Das Gesetz über den Neuaufbau des Reiches vom Januar 1934 nahm schließlich auch Preußen wie allen anderen Ländern seine Stellung eines mit eigenen Hoheitsrechten ausgestatteten Staates. Das Gesetz machte Preußen zu einer bloßen „Verwaltungs- und Finanzeinheit“ Der preußische Staat hatte jedoch schon lange vorher aufgehört zu existieren.

Während der ganzen Zeit der Weimarer Republik war Preußen für die Nazi-Bewegung ein ‚rotes Tuch’ gewesen. Preußen war der Staat in der deutschen Republik, der es gewagt hatte, Adolf Hitler schon Mitte der zwanziger Jahre mit einem Redeverbot zu belegen. Berlin war für Hitler und für alle anderen überzeugten Nazis die Stadt der „Novemberverbrecher“, die es zu erobern galt. Die Hauptstadt machte es der Nazi-Bewegung in der Tat nicht leicht, wie der mit der „Eroberung“ beauftragte Josef Goebbels bald feststellen musste. Die NSDAP erhielt in Berlin bei Wahlen stets weniger Stimmen als im Durchschnitt im Reich und in Preußen. Berlin und Preußen waren und blieben bis 1932 vor allem auch ein „Bollwerk gegen rechts“. Die Institutionen des preußischen Staates - Staatsregierung, Landtag und Staatsrat - galten daher den Nazis wenig. Umso mehr aber beanspruchte die Nazi-Bewegung den „Mythos Preußen“ einschließlich des zu diesem Zweck zu recht gestutzten Bildes von Friedrich II. Und sie bemächtigte sich der „Legende Preußen“, wie sie sie verstand, bis zum Ende der Nazi-Diktatur.

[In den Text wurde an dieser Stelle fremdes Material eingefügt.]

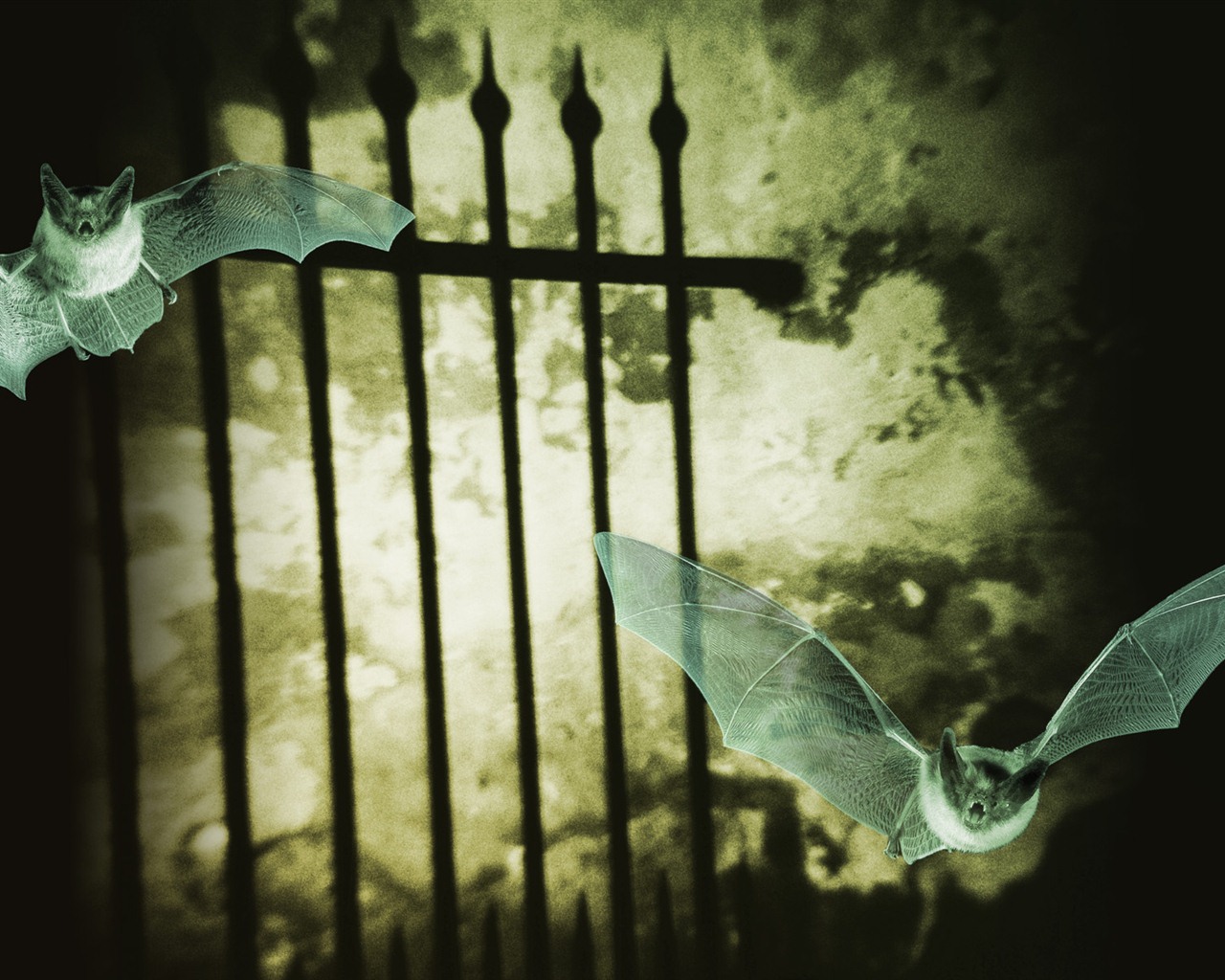 Windows 7 Tapety: Eerie podzim #5 - 1280x1024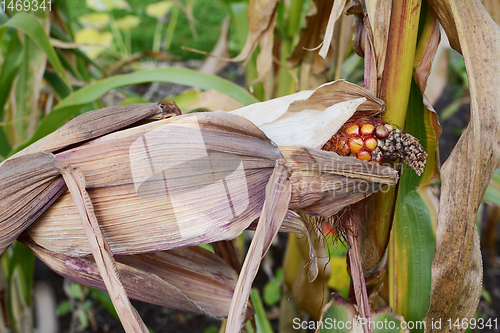 Image of Dried, papery husks around a Fiesta corn cob 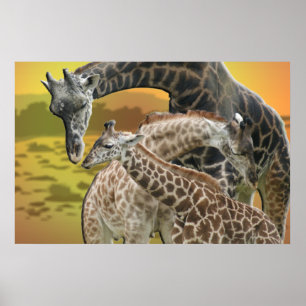 POSTER GIRAFFE TWISTER LOVE TRIANGLE FRAMED IMPRIMER
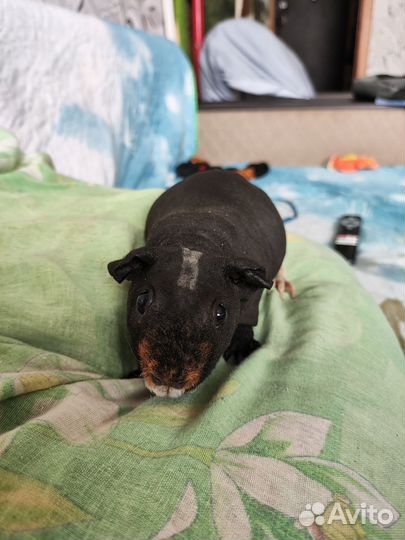 Морская свинка скинни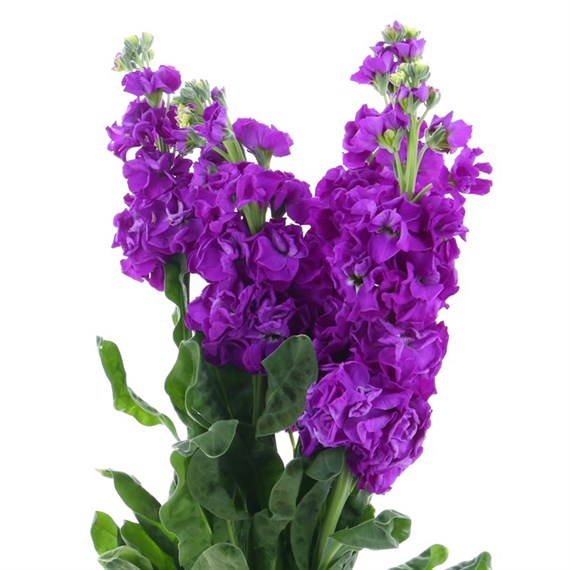 Stocks (x 4 Individual Stems) - Purple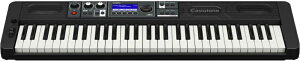 CASIO Casiotone CT-S500 JVI L[{[h
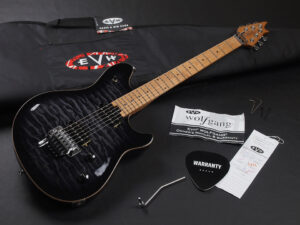 ヴァンヘイレン エディ Edward Van Halen Eddie PEAVEY Musicman Axis 5150 Friedman Brown ウルフギャング Kramer クレーマー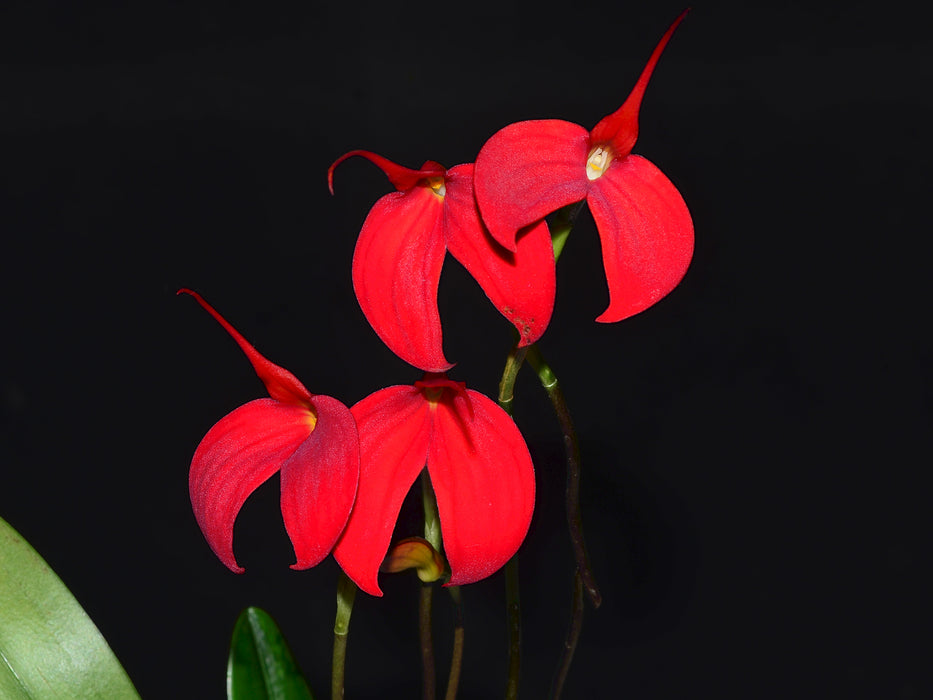 Masdevallia Tourmaline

Die nie verstummende öffentliche Berufung der Nationalsozialisten auf Preußen gipfelte schließlich nur noch in einer großen Perversion. Die Inschrift „Jedem das Seine“ stand über dem Eingangstor zum Konzentrationslager Buchenwald, der Spruch war der Sinnspruch des preußischen Schwarzen Adlerordens.

Darüber aber dürfen wir die Zeit zwischen 1918 und 1932/33 nicht vergessen, in der Preußen und der Preußische Landtag ein „Bollwerk der Demokratie“ war. Dazu wurde es nicht zuletzt dank der unermüdlichen Arbeit des langjährigen Ministerpräsidenten Otto Braun, der engagierten Tätigkeit der sozialdemokratischen Landtagsfraktion unter ihrem Fraktionsvorsitzende Ernst Heilmann und des mutigen Widerspruchs gegen die Nazi-Diktatur durch den letzten SPD-Fraktionsvorsitzenden Paul Szillat.

Wer war Paul Szillat?

Der am 30. Oktober 1888 in Charlottenburg bei Berlin geborene gelernte Feinmechaniker war der Sohn einer Weißnäherin, er hat seinen Vater nicht gekannt. Er trat 1910 in den Deutschen Metallarbeiterverband und in die SPD ein.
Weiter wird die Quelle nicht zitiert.